**STUDY MATERIAL**:
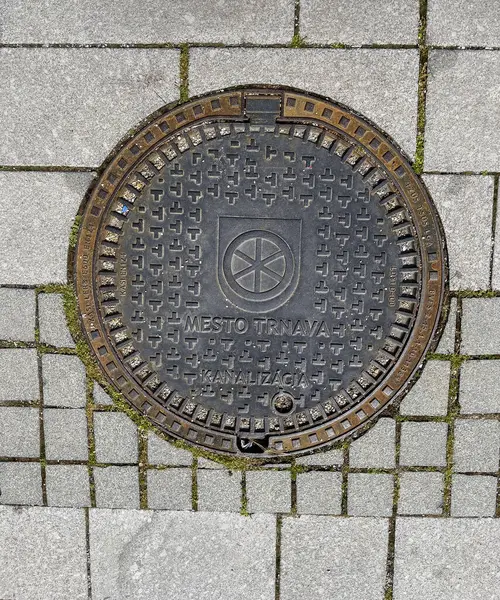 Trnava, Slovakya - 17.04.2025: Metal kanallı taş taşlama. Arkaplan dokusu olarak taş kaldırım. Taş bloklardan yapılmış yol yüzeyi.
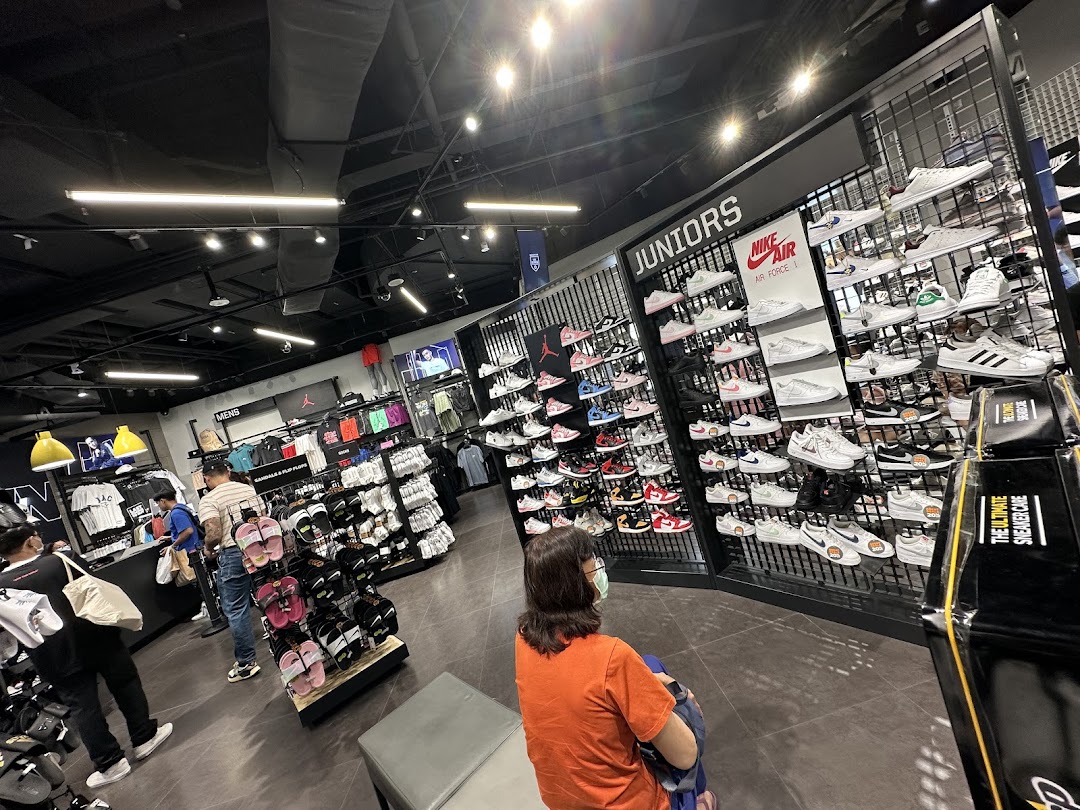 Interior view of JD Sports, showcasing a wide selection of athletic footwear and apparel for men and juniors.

...

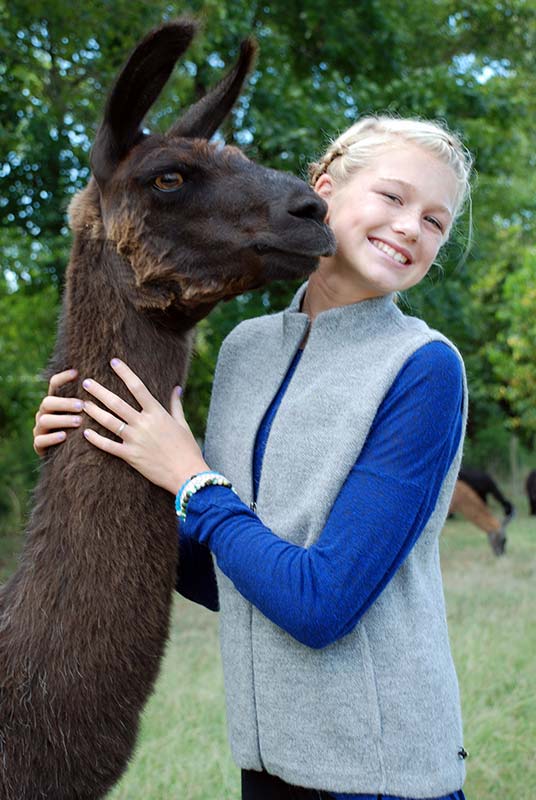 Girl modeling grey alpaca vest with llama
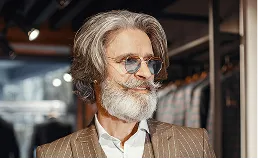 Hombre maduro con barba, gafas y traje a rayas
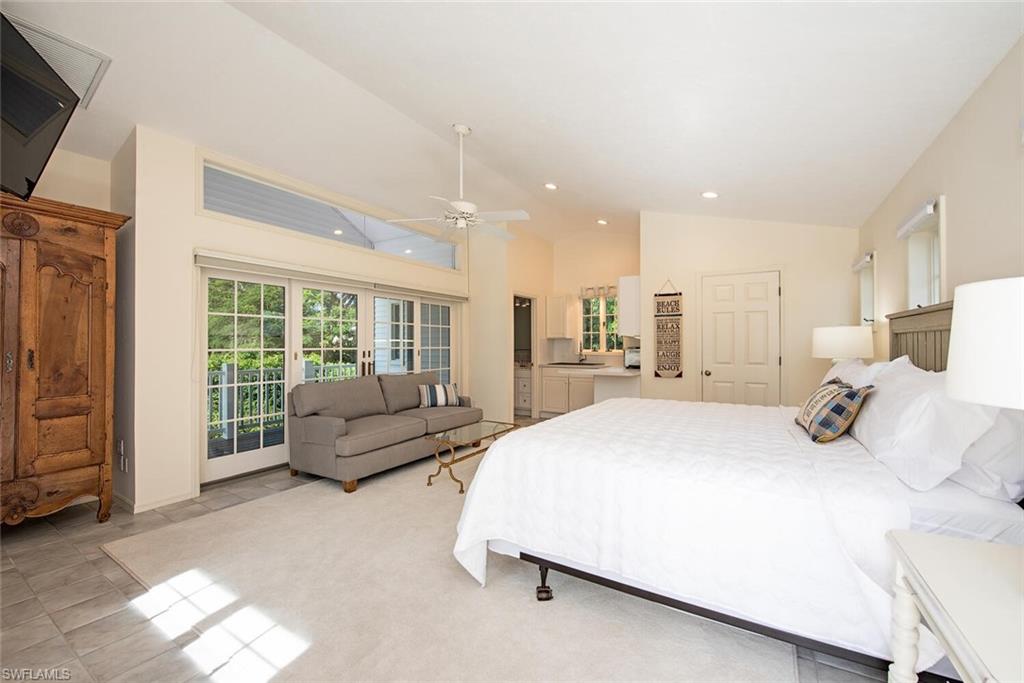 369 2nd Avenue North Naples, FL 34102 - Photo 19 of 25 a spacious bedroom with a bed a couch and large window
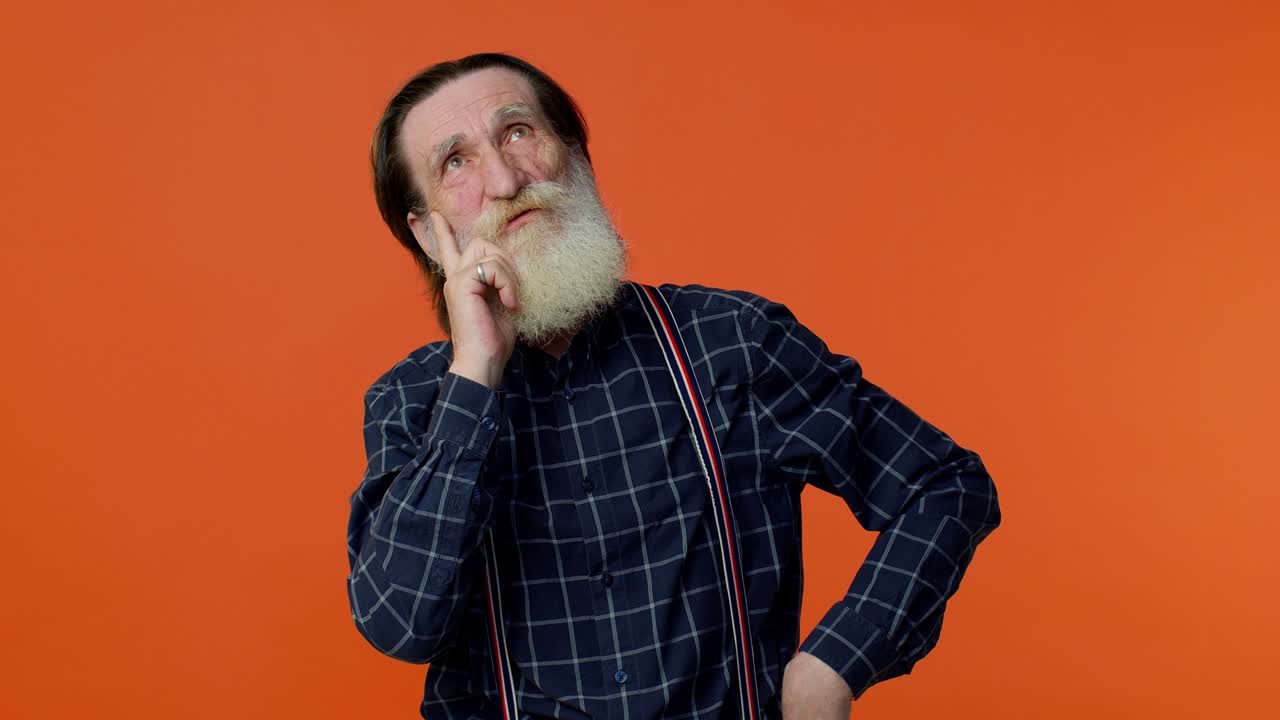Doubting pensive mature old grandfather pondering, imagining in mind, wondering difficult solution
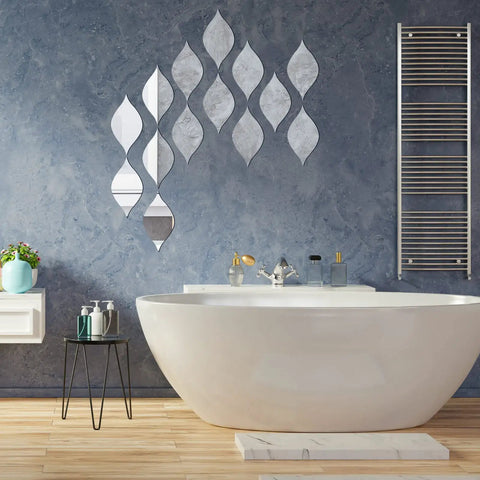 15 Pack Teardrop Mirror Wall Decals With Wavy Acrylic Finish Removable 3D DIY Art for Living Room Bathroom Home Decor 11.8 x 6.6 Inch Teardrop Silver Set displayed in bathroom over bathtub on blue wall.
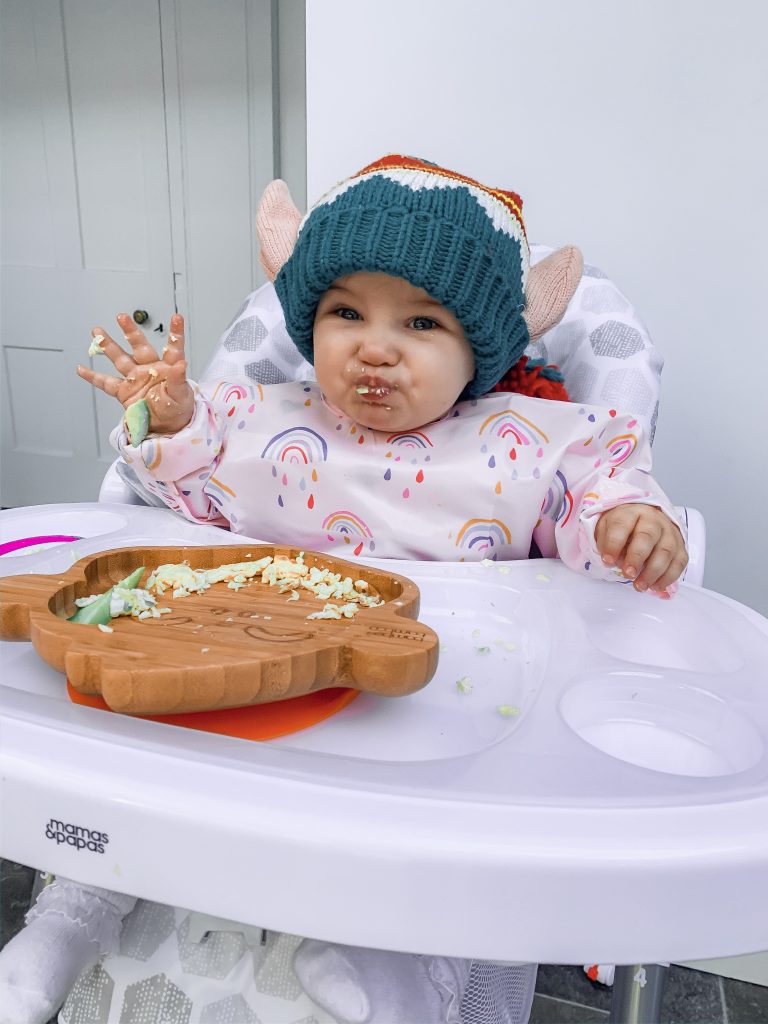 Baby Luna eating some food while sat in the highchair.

--

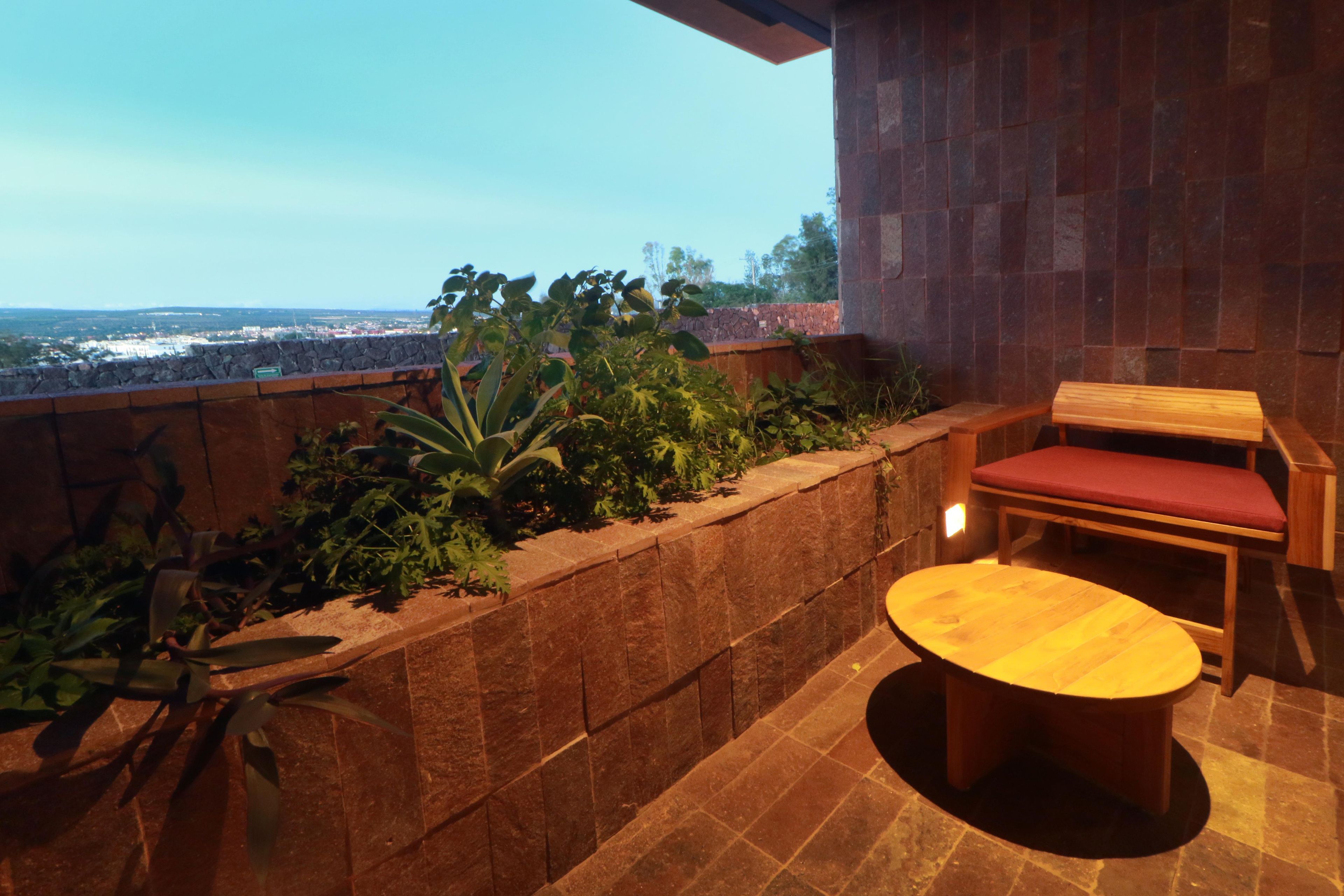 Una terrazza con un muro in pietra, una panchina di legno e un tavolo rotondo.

**YOUR ASSIGNMENT**: Extract, without any images, the part of the material above that opens with the line containing "369 2nd Avenue" and closes with the line containing "Baby Luna eating", both lines included.

**OUTPUT OF THE EXERCISE**:
 369 2nd Avenue North Naples, FL 34102 - Photo 19 of 25 a spacious bedroom with a bed a couch and large window
Doubting pensive mature old grandfather pondering, imagining in mind, wondering difficult solution
 15 Pack Teardrop Mirror Wall Decals With Wavy Acrylic Finish Removable 3D DIY Art for Living Room Bathroom Home Decor 11.8 x 6.6 Inch Teardrop Silver Set displayed in bathroom over bathtub on blue wall.
 Baby Luna eating some food while sat in the highchair.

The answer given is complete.